(Short text fragments from websites)
**********
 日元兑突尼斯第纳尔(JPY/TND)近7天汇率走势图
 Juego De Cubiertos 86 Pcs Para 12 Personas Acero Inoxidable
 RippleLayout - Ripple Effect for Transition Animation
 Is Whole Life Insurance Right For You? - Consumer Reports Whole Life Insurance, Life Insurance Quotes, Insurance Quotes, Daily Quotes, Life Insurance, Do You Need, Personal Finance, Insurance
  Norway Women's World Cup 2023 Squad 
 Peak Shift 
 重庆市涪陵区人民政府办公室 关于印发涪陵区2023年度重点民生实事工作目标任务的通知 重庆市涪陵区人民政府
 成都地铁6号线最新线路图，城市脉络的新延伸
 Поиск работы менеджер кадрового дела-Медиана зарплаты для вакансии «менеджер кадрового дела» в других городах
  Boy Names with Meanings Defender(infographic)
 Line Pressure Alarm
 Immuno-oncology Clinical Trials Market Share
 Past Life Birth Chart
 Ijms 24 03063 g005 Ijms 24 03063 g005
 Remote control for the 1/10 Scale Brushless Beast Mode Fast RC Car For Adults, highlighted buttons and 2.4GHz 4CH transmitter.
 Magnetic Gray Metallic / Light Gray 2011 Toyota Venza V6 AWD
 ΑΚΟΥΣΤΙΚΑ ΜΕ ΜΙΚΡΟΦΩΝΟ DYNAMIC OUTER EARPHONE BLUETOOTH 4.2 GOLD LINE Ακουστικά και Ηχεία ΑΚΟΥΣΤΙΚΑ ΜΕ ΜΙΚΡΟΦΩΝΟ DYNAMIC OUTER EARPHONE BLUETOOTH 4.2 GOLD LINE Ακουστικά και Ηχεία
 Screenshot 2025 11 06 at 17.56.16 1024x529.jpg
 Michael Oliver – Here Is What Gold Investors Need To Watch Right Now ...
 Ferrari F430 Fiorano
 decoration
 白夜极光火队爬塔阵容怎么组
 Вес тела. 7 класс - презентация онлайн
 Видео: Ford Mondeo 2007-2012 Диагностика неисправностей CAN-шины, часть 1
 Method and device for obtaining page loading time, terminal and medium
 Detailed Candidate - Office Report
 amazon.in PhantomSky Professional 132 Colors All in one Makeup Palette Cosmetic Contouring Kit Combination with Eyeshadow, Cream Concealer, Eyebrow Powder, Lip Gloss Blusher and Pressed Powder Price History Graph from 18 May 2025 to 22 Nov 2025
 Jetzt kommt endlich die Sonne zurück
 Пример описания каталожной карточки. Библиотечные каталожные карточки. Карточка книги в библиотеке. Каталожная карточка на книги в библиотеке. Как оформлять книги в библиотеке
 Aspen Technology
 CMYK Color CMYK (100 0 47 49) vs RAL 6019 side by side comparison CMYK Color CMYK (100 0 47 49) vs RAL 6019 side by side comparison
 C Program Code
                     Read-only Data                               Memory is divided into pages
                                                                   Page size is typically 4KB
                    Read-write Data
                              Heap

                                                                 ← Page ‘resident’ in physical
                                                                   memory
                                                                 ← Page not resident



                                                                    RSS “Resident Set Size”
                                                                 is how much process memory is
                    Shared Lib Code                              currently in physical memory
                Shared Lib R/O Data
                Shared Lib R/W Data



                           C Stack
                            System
**********
## Work instruction
In the data above, how many lines hold the word "Shared"? Give only the number.

## Written response
3